It is hard to interpret gene lists. But before we would even get into the statistical properties of annotation term enrichment, or whether network models are appropriate, or anything like that, we have the simpler problem of how to talk, colloquially, about genes connected with a biological process. In particular, there is a weak way to describe gene function one ought to avoid.
What is, for example, an immune-related gene? Why, it’s a gene that is important to immune function, of course! Is beta-catenin an immune-related gene? Wnt signalling is certainly important to immune cell differentiation (Chae & Bothwell 2018), and beta-catenin is certainly important to Wnt signalling function.
Similarly, Paris is a city in France. Therefore, all cities in France are Paris-related.
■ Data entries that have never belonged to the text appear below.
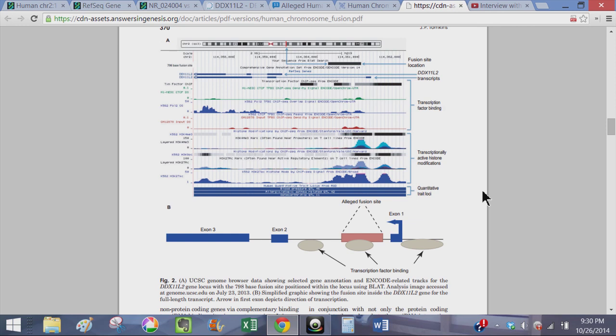The fact that it wasn't mentioned could be because this is new information taken from the ENCODE project where the data is in support of design as opposed to evolution.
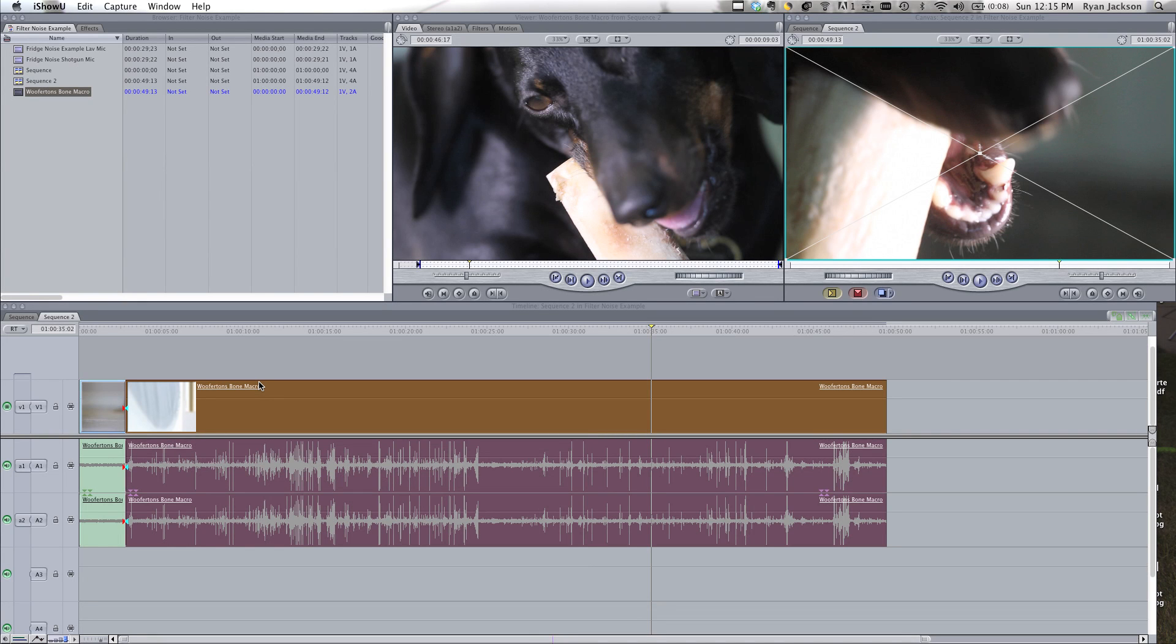Okay, I'm going to show you how to filter out unwanted background noise. This will apply in Final Cut Pro Express or 7, or the same idea applies for Final Cut Pro X.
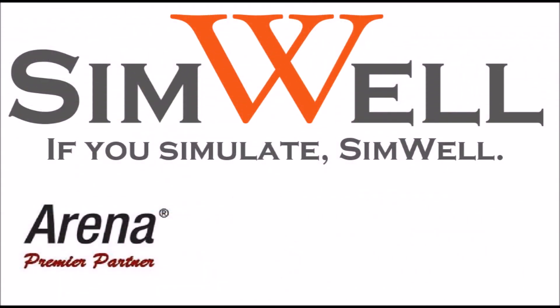Thank you for watching. Simwell is an Arena premier partner. We provide consulting, training, coaching, and support. And remember, if you simulate, Simwell.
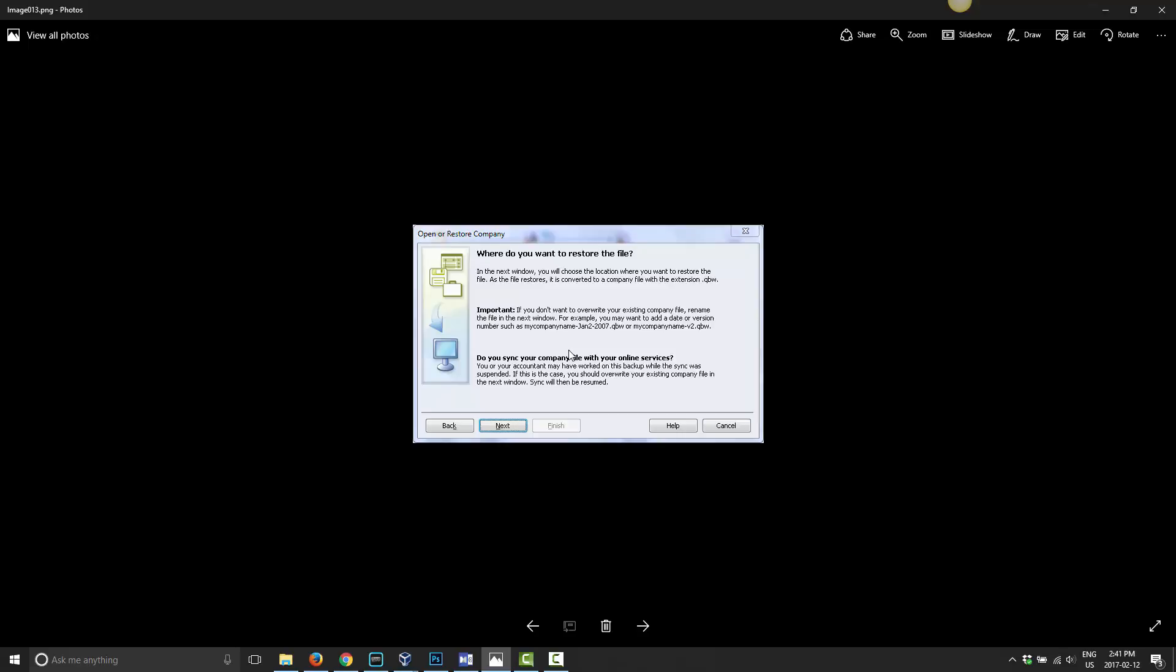However, if there's some reason that you want to have a second copy of your current data file, then all you have to do on the next screen is just give it a different name. They suggest putting a date there or putting v2 for version 2 there, whatever the case may be. But this is totally up to you on what you want to call it.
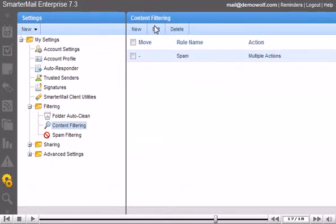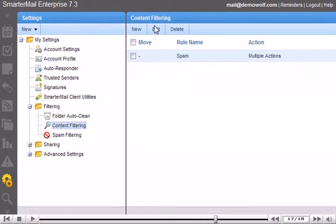Success! Our new content filter has been saved. You can create another filter or edit or delete the selected filter. You can have as many filters as you like. This is the end of the tutorial.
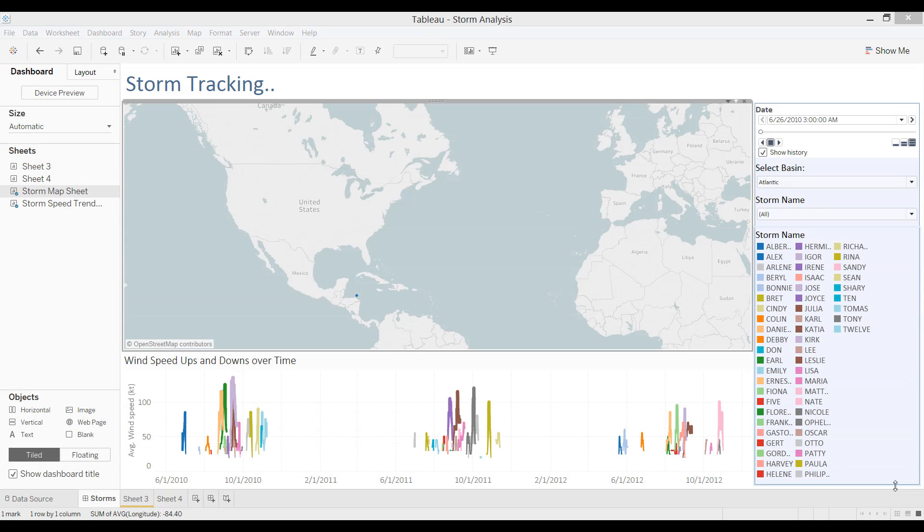Tableau 101: Using Page Shelf. Now I'm going to show you Page Shelf.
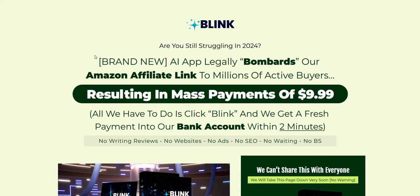If you want to discover more about how I've been earning a full-time income online for over 10 years working from home — I focus more on digital products like downloaded membership area software because the commissions are much higher than physical products, sometimes all the way up to 100% — then click the link in the video description below. That's my number one system, a complete done-for-you system and a really excellent way to get going, getting traffic and getting those realistic commissions coming in.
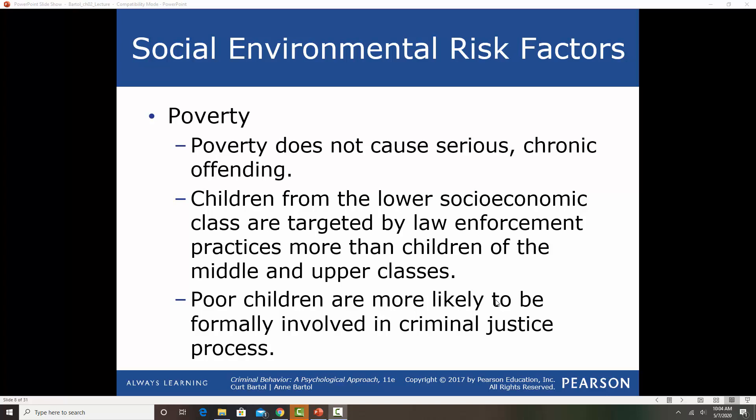Children from lower socioeconomic status classes are targeted by law enforcement practices, particularly minorities. Poor children are more likely to be formally involved with the criminal justice process, whereas middle class and upper class children's parents might be able to mitigate that. For example, when young people get involved in something like a property crime, wealthier parents can pay for the damage and the case never goes before the criminal justice system, whereas lower income children's parents don't typically have that luxury.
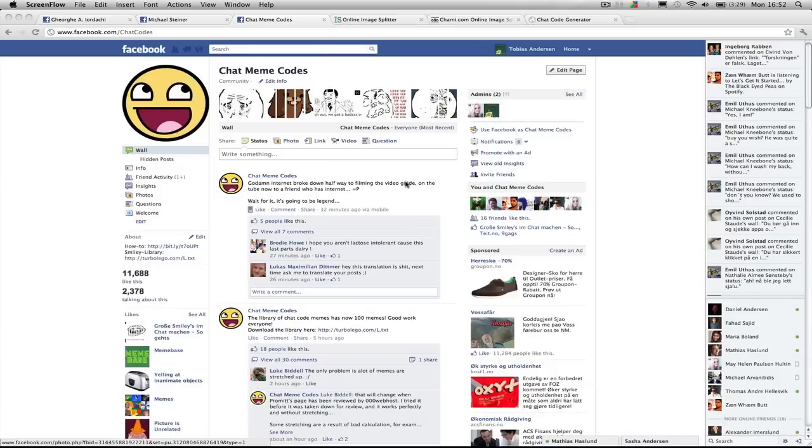My name is Tobias Andersen, I am the administrator at ChatMewiCodes and this is an updated video on how to make the ChatCodes.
The thing is, any indirect mechanism can be a mechanism of genuine genetic causation, and this one isn’t even very roundabout. I couldn’t find a known Mendelian disorder with a mechanism that fit the above story, but I don’t think it’s out of the question. At the same time, labeling everything Wnt ”immune-related” would be a little silly, because those genes also do all sorts of other things. If the omnigenenic hypothesis of near-universal pleiotropy is correct, we should expect a lot of genetic causation to be like that: indirect, based on common pathways that do many kinds of different work in different parts of the organism.
That leaves X-related genes a vague notion that can contract or expand at will. From now on, I will think twice before using it.